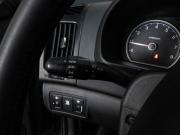 Hyundai i30 I Ставрополь  - изображение 35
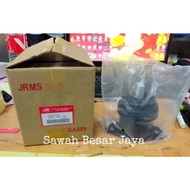 MESIN Engine Mounting - ORIGINAL Honda Accord CM5 Front Right Engine Mount Rubber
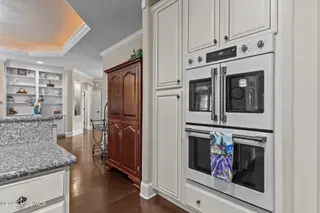 2347 Sugargrove Trail NE, Leland, NC 28451 – photo 18: 22-web-or-mls-BTS03518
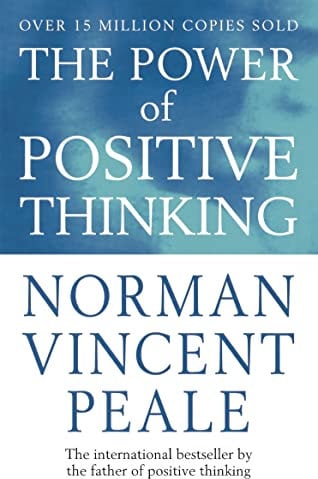 The Power Of Positive Thinking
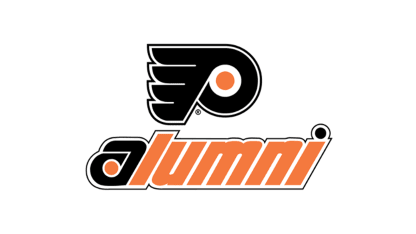 Flyers Announce New Flyers Alumni Community Leadership Award as Part of Team's Annual Accolades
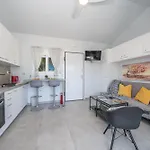 Foki House Apartamento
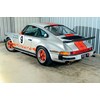1975 Porsche Carrera 2.7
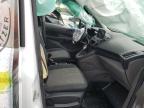 Memphis, TN에서 판매 중인 2020 Ford Transit Connect Xl - Front End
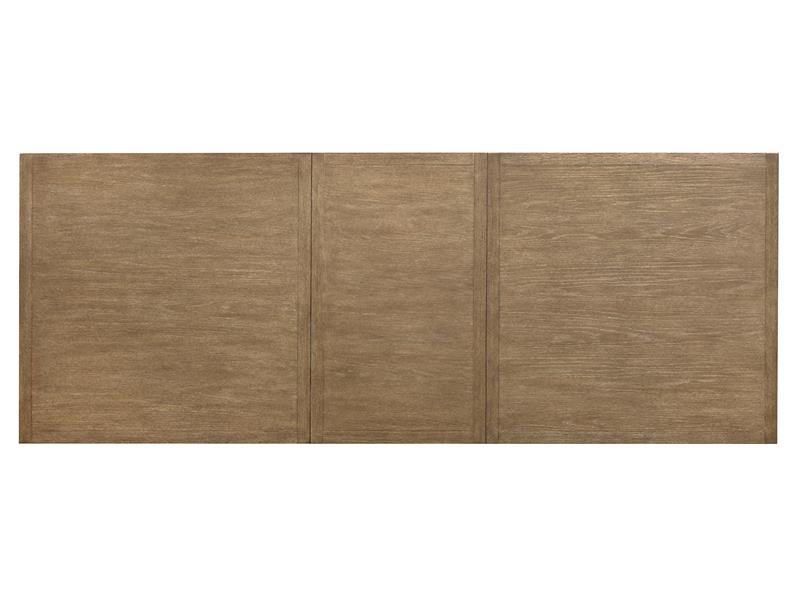 D5768-21-(84).jpg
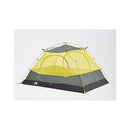 The North Face Stormbreak 3 Tent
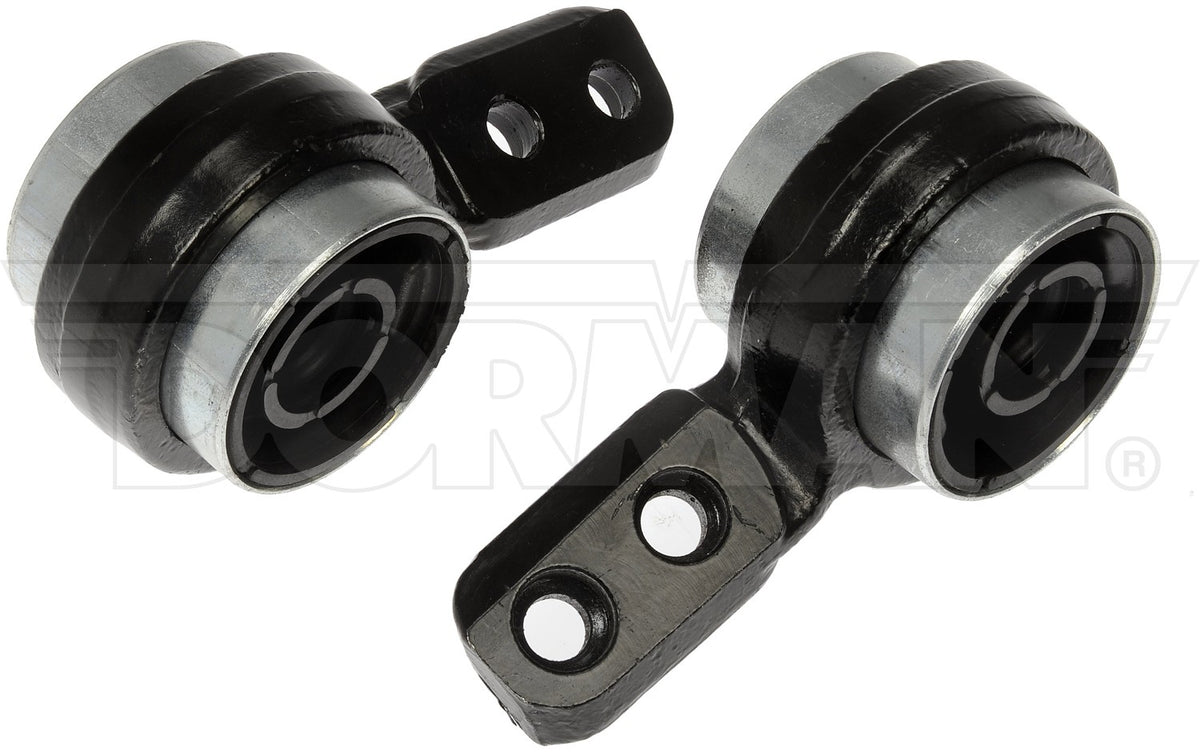 Dorman - Premium CONTROL ARM BUSHING CAS141000PR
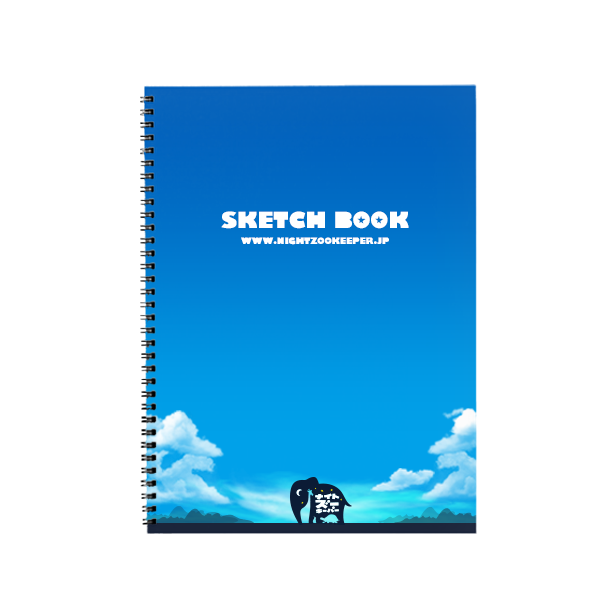 EC_goods_sketch book_2.png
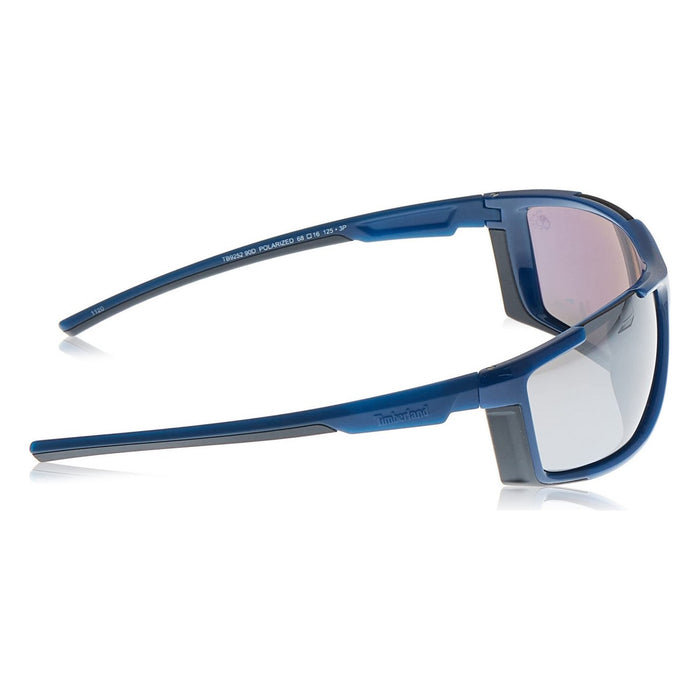 Ochelari de Soare Bărbați Timberland TB92526890D ø 68 mm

* * * * *

§ **Work to complete**: Although the records contain pictures, only their text should be repeated, exactly as it appears.

§ **Written solution**:
 Hyundai i30 I Ставрополь  - изображение 35
 MESIN Engine Mounting - ORIGINAL Honda Accord CM5 Front Right Engine Mount Rubber
 2347 Sugargrove Trail NE, Leland, NC 28451 – photo 18: 22-web-or-mls-BTS03518
 The Power Of Positive Thinking
 Flyers Announce New Flyers Alumni Community Leadership Award as Part of Team's Annual Accolades
 Foki House Apartamento
1975 Porsche Carrera 2.7
 Memphis, TN에서 판매 중인 2020 Ford Transit Connect Xl - Front End
 D5768-21-(84).jpg
 The North Face Stormbreak 3 Tent
 Dorman - Premium CONTROL ARM BUSHING CAS141000PR
 EC_goods_sketch book_2.png
 Ochelari de Soare Bărbați Timberland TB92526890D ø 68 mm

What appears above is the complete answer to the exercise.